How do you solve #|7 - 6x| <= -4#?

1 Answer

Answer:

#x >= +11/6 or x <=1/2 #

Set the +value #<= -4 and -"value" <= -4# and solve.

Explanation:

The absolute value can be either a negative or a positive value. It is the distance from the value to zero. So the answer that comes out is the same regardless if the answer inside is negative or positive.

Set # +1 xx ( 7 - 6x) <= -4# and solve for the positive value.

This gives

# 7- 6x <= -4 " "# subtract -7 from both sides.

# 7-7 - 6x <= -4 -7" " # This gives

# -6x <= -11 " "# divide everything by -1 . The sign will change.

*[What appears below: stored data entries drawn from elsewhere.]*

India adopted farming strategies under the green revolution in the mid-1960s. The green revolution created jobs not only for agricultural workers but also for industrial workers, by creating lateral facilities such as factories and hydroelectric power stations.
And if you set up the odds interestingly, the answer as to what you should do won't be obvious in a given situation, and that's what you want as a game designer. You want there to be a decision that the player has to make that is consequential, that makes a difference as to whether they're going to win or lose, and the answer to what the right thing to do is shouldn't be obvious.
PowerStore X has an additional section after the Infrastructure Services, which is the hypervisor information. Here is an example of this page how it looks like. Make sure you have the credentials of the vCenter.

# (- x)/-1 >= (-11)/(6xx-1)" " # This gives

# x >= + 11/6 #

#( -1)/-1 = +1 # the opposite of -a - is +a (Dividing by a negative always gives you the opposite of what you start with)

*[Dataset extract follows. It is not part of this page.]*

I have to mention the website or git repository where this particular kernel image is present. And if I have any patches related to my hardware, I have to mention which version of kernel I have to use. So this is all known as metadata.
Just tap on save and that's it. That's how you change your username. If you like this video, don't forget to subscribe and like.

When you divide an inequality by a negative number the inequality sign in the middle changes around.

# (-11)/(-1 xx6) = + 11/6# (Dividing by a negative always gives you the opposite sign of what you start with)

Then set # -1( 7-6x ) <= -4" "# and solve for x .This gives

#-7 + 6x <= -4" "# add seven to both sides

#-7 +7 + 6x <= -4 + 7 " "# this gives

#6x <= + 3 " " # Divide both sides by 6

# (6x)/6<= +3/6" "# this gives

#x <= 1/2#

Note that as the x is positive, dividing by +1 would not change any of the values, so is not necessary.